Violations create sync bugs, editing burden, and validation complexity.
When expressing parent-child relationships, the schema must support ONE direction only — either parent references or children lists, never both on the same element type.
Rationale: If both exist, they can contradict. Users must update two places when restructuring.
Elements in keyed dictionaries must not duplicate the dictionary key as an id property. The key IS the identity.
This applies at all nesting levels — flat collections, nested hierarchies, and recursive structures all use the same pattern: ID as key, never as property.
Rationale: Redundant IDs create sync bugs when keys and properties diverge. Dictionary keys guarantee uniqueness. One representation eliminates ambiguity.
The schema must not include properties whose values can be derived from other model elements (counts, totals, membership lists computable from graph structure).
Rationale: Computed values go stale. Tooling computes; users model.
The schema must not include version history, change tracking, or diff capabilities. Use git for version control.
Rationale: Git provides proven version control, branching, and diffing. UBML files are plain text designed for git. Don’t reinvent what git does well. Process variants use file-based organization (current/proposed folders), not schema properties.
When a property refers to a concept that has its own element type in the workspace, it must use the typed reference for that element type. String alternatives must not be provided.
Rationale: A string and a typed reference to the same real-world thing create parallel identity systems. Strings cannot be traced, validated, deduplicated, or queried. If the workspace models a concept, every reference to that concept must go through the model.
The same concept must be expressed the same way everywhere.
Every element type must have a defined, validated ID pattern. All IDs must use typed prefixes that identify the element type at a glance.
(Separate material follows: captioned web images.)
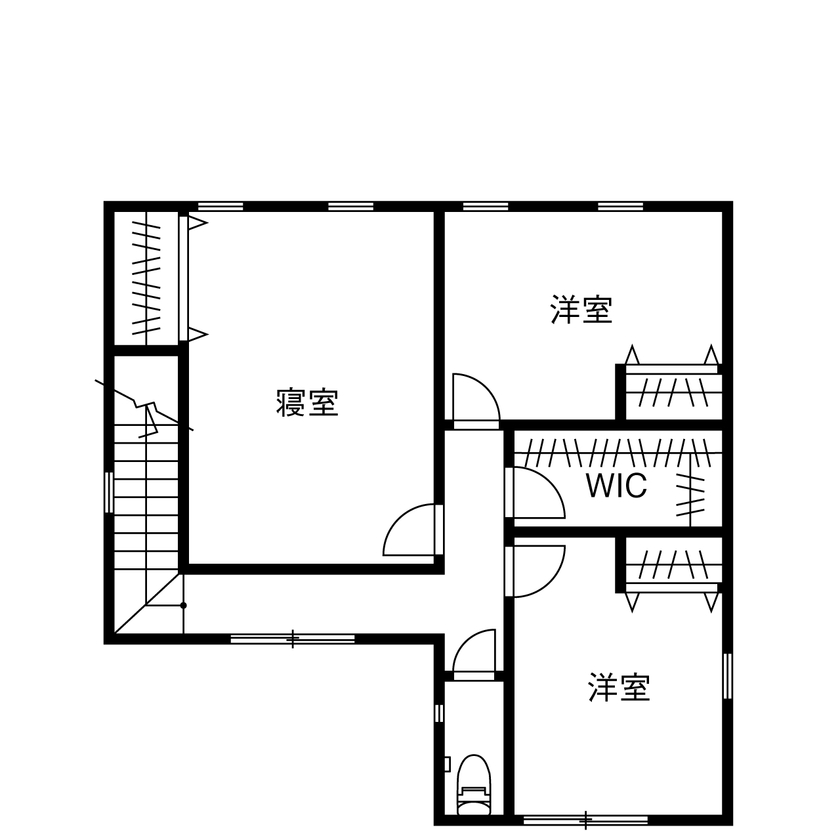 ワンダーホーム 【2000万円台｜間取り図｜30坪台】アメリカン×フレンチスタイル。三角屋根とグリーンの窓枠がおしゃれな家の間取り図（3LDK＋WIC）2階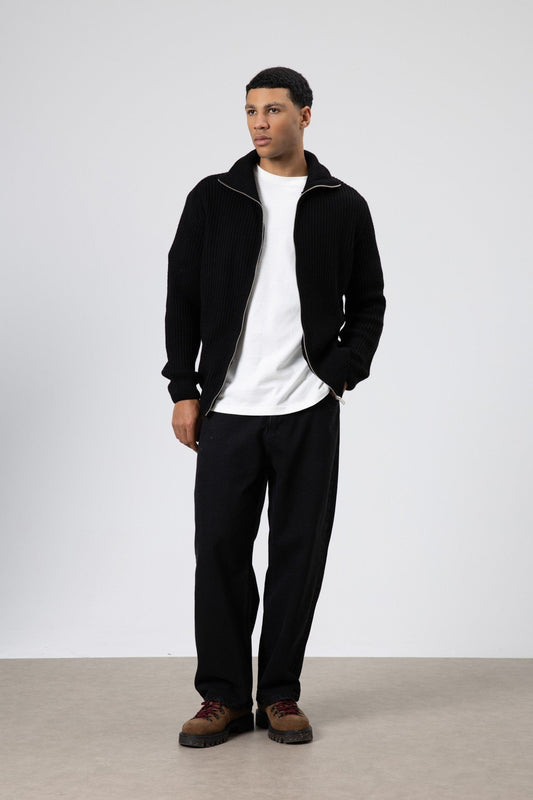 Oversized Zipper-Front Knit Cardigan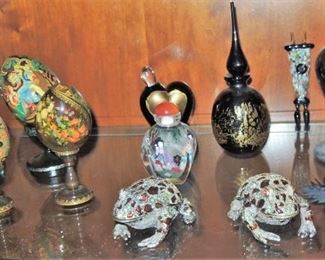 Perfume bottles, Hand painted Russian Lacquer eggs (not decals), crystal trinket boxes 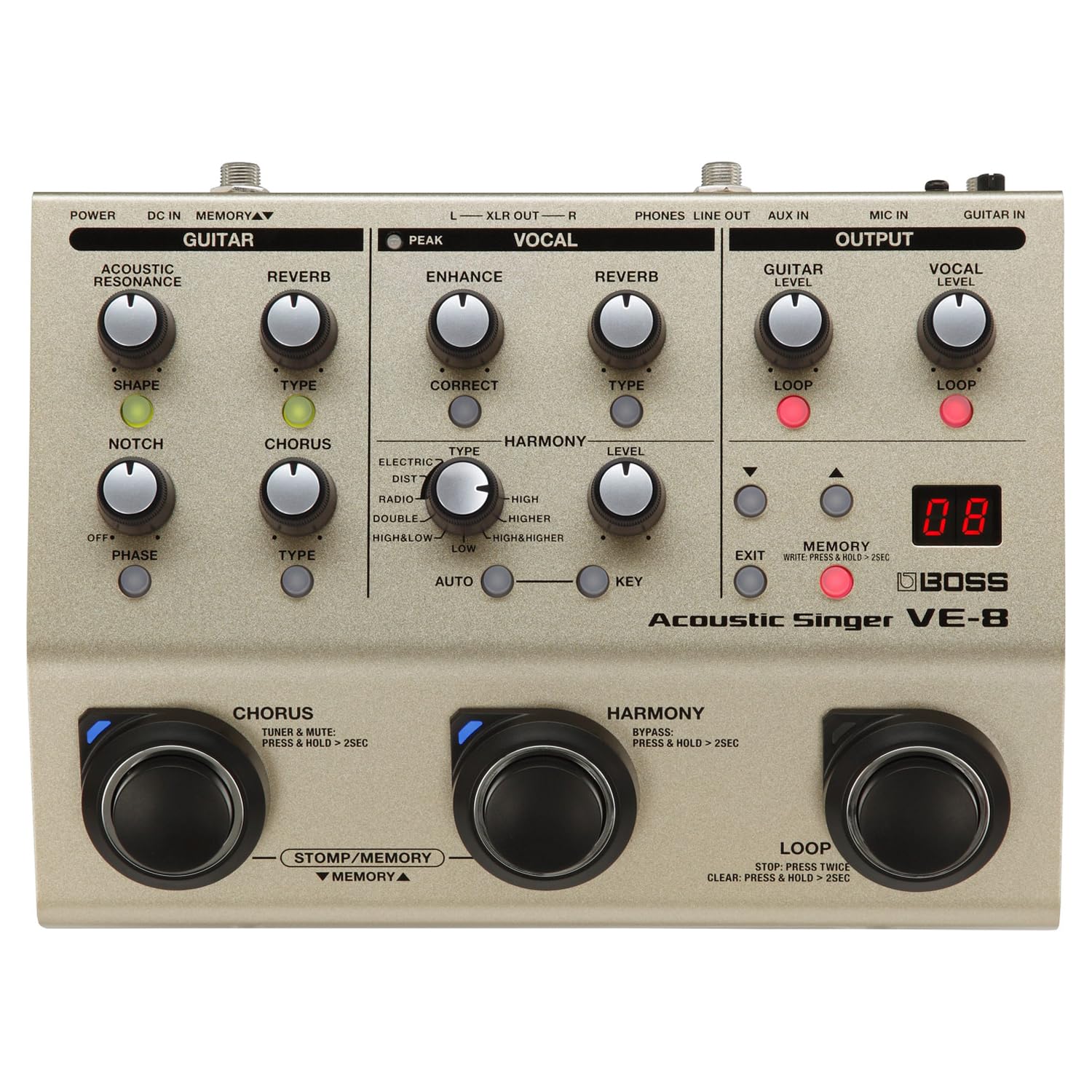 Boss VE-8 Acoustic-Singer Effektgerät für Gesang und Gitarre mit keepdrum XLR-Kabel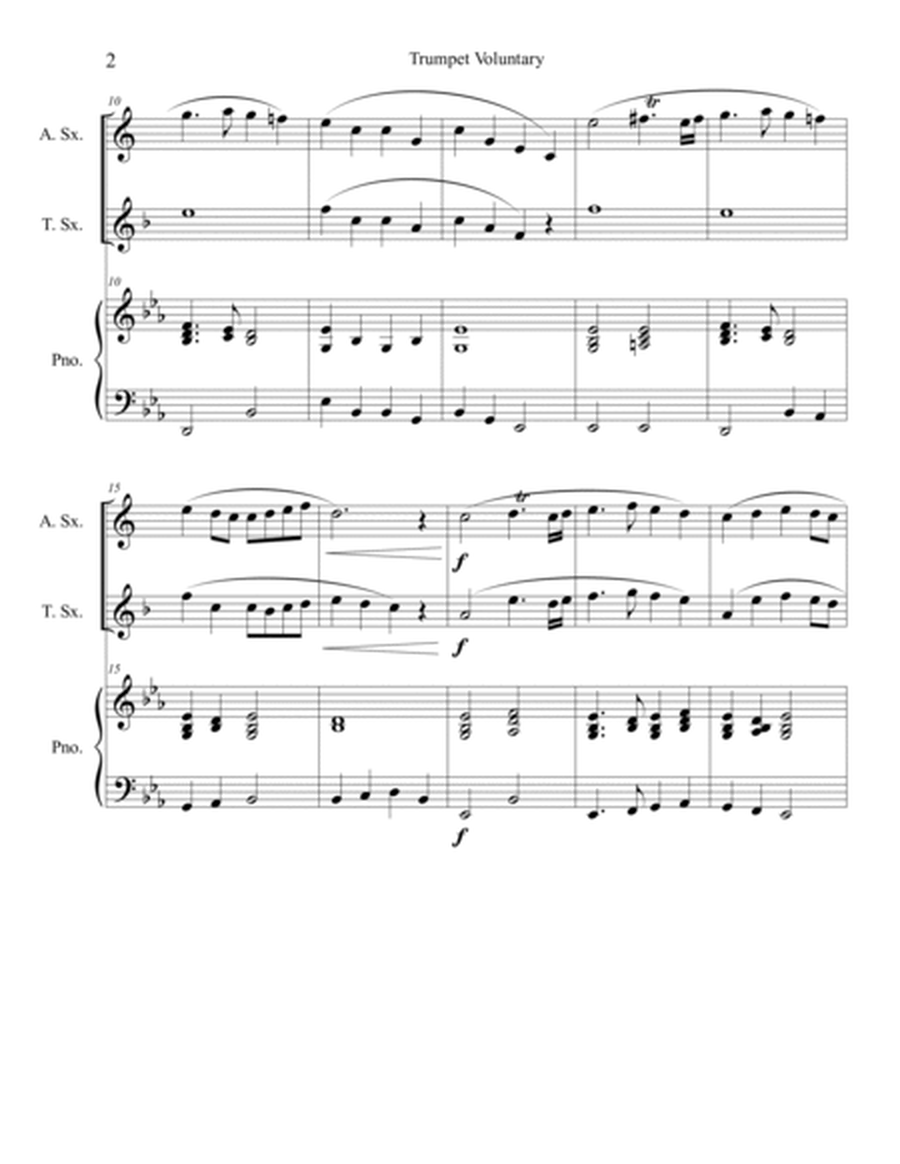 Trumpet Voluntary (Alto and Tenor Sax Duet) with optional piano accompaniment image number null
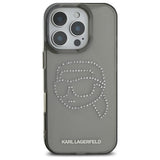 Husa pentru iPhone 16 Pro Max, Karl Lagerfeld IML Rhinestones (KLHCP16XHKHDCELK), negru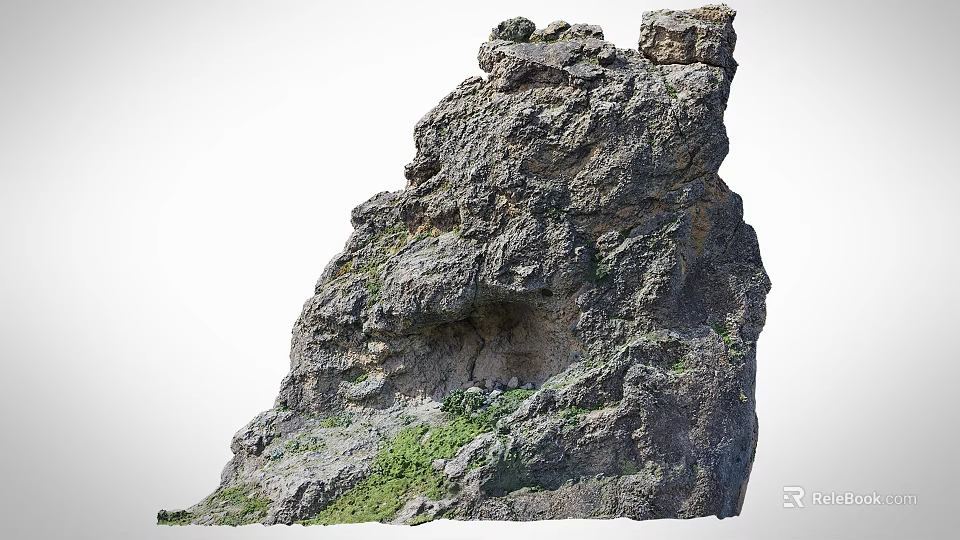 Stone Wood Natural Rock Structure With Mossy Surface And Green Vegetation Growth 3d model 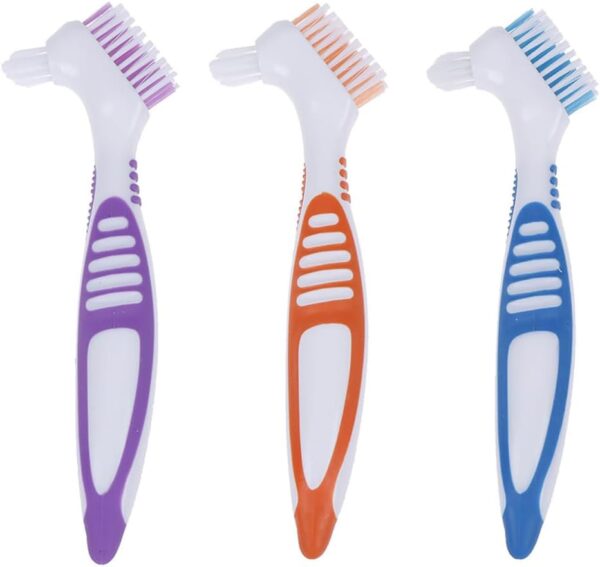 JTKREW 3pcs Cepillo Dentadura Postiza, Cepillos de Limpieza de Dientes Postizos Cepillos de Prótesis Portátiles de Doble Punta, Cepillo Dientes para Cuidado Dentaduras Postizas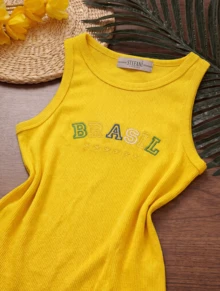 Women's Tank Top Summer 2026 With "BRAZIL" Embroidered On Ribbed Knit Fabric. - YELLOW - View 4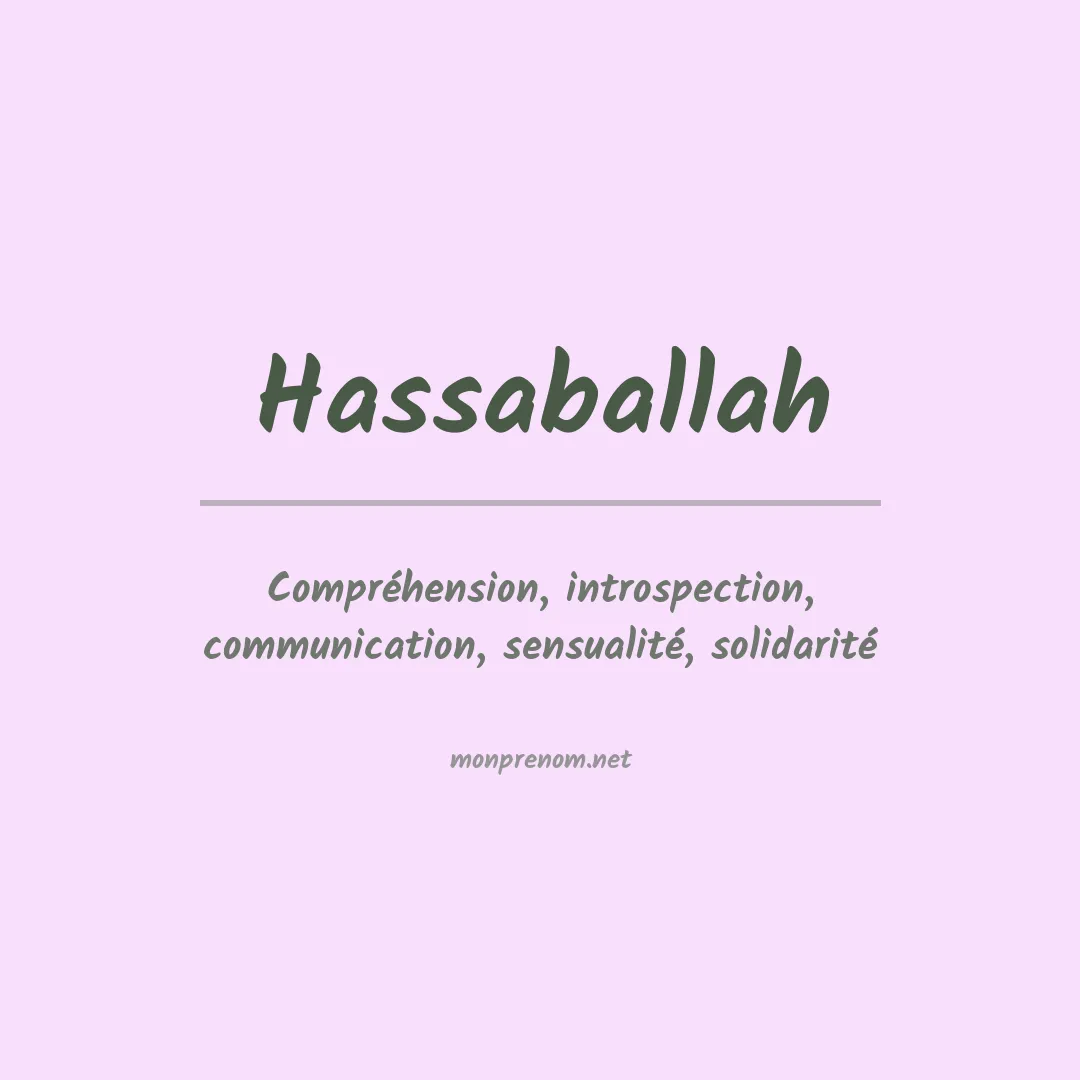 Signification du prénom Hassaballah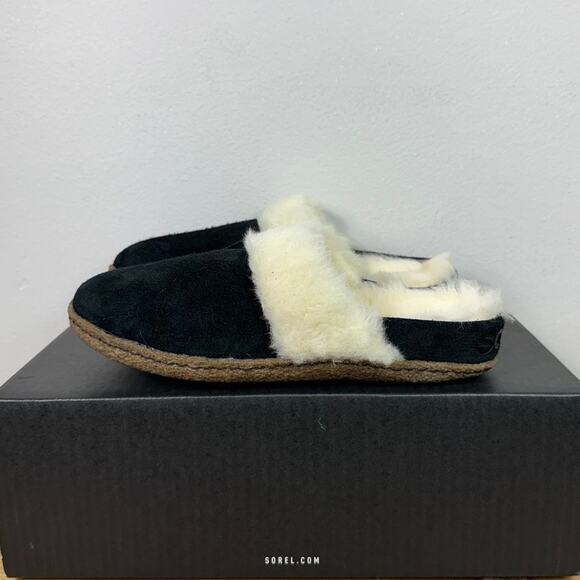 New Sorel Nakiska Slide II Slippers in Black Suede Women's Size 6 - Picture 4 of 9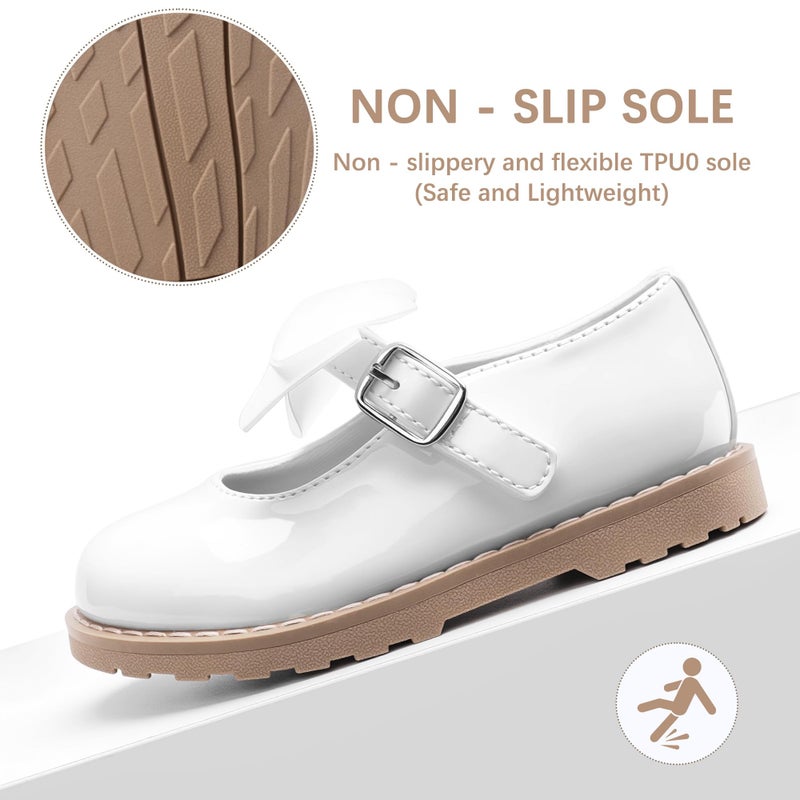 shoeslocker Toddler Girl Dress Shoes Little/Big Girl Mary Jane Shoes Wedding Party Girls Princess Flat Shoe White Size 9 - Image 4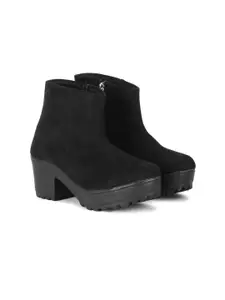 Commander Shoes Women Casual Block-Heeled Winter Boots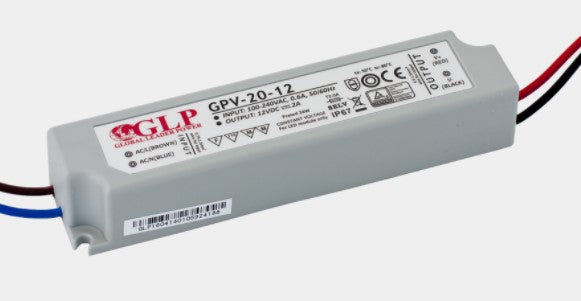 GLP GPV-20-12 24W 12V/2A IP67 LED Power Supply - LED Spares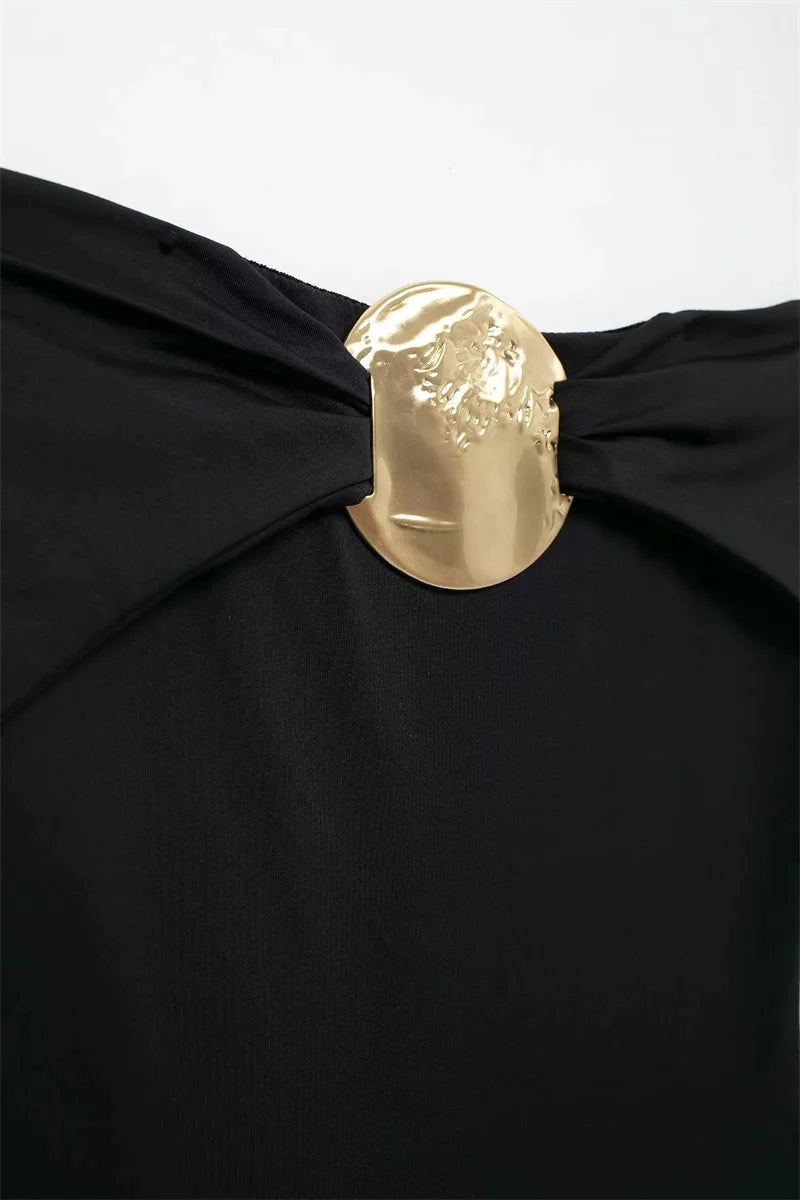 Body Donna a Fascia Nero con Dettaglio Gioiello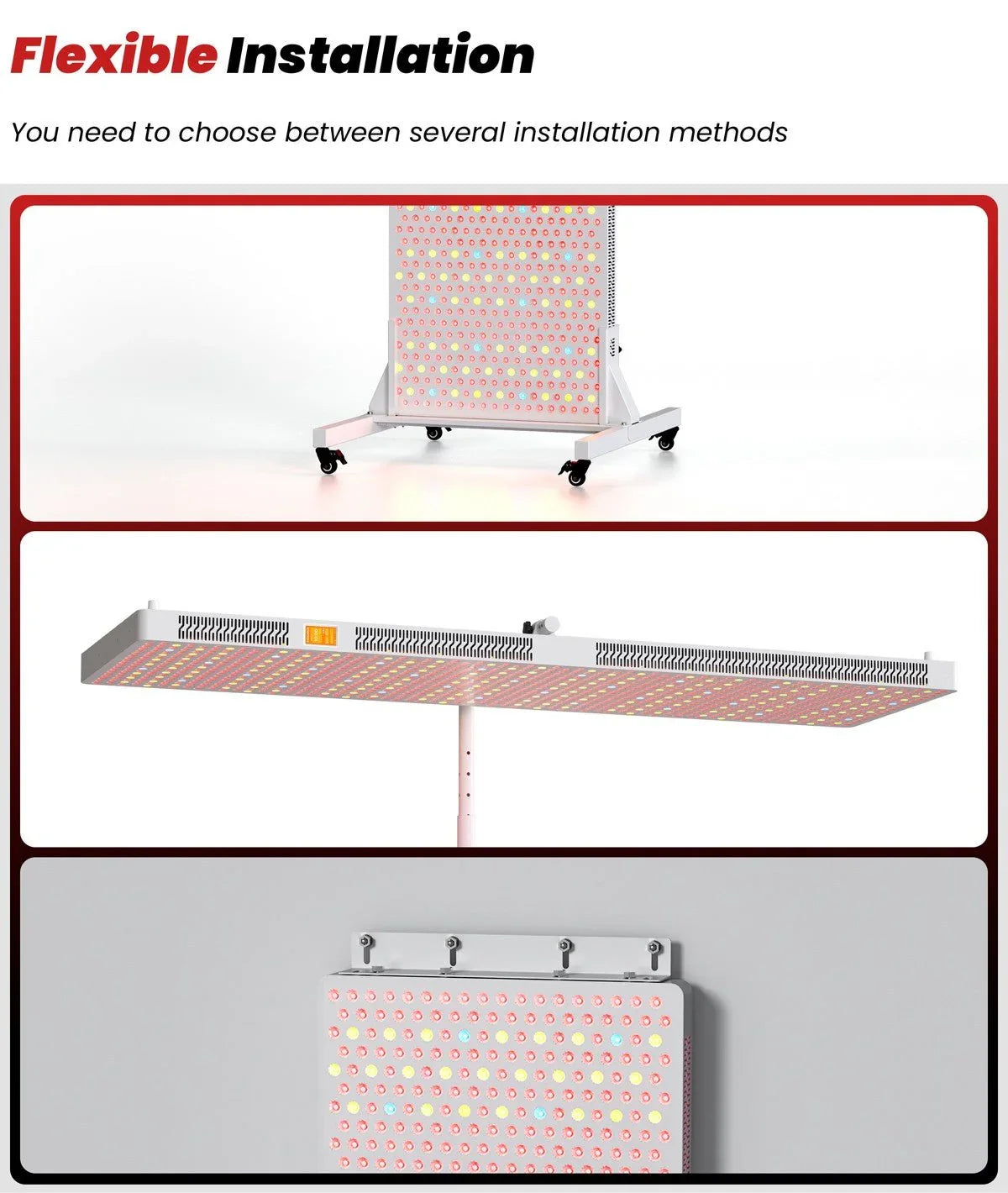 Three installation methods for a LED grow light panel: mobile stand, adjustable pole, and wall mount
Rationale: Enables instant recognition, tooling support, and cross-reference validation.
References to other elements must use consistent syntax across all schema fragments. Reference types should be defined once and reused.
Rationale: Users learn one pattern. Tooling has one code path.
Optional properties, when absent, null, or empty, must be semantically identical. The validator must not distinguish between these states.
Rationale: Predictable behavior. No surprises when cleaning up files.
Structure should be visible through indentation.
When element B cannot exist without element A (ownership relationship), B must be nested inside A in the schema structure.
Rationale: Prevents orphans. Structure implies relationship. Moving an element automatically updates its parentage.
When an element can relate to multiple other elements or must span files, use references rather than nesting.
Rationale: Avoids duplication. Enables reuse.
The schema should provide a flattening mechanism (parent references) for hierarchies exceeding 4 levels. Deep nesting becomes hard to scan and edit.
Rationale: Human readability. Editor usability.
When splitting models across multiple files, organize by business domain (customer-service, order-management) rather than by element type (all processes together, all actors together).
Rationale: Domain organization keeps related concepts together, making it easier to understand a business area holistically. Type-based organization scatters domain knowledge across the workspace.
Each file should represent a coherent, understandable unit. A process file should cover one workflow that can be understood in a single reading. If a model grows too large to comprehend, split by subprocess boundaries.
Rationale: Models exist to communicate understanding. A model too large to hold in working memory fails its purpose. Splitting should follow natural business boundaries, not arbitrary size limits.
Behavior must be declared, not inferred.
Properties that affect interpretation, execution, or visualization must be explicit in the schema. The system must not infer meaning from naming conventions or position.
Rationale: Predictable behavior. Renaming doesn’t change semantics. Tooling doesn’t guess.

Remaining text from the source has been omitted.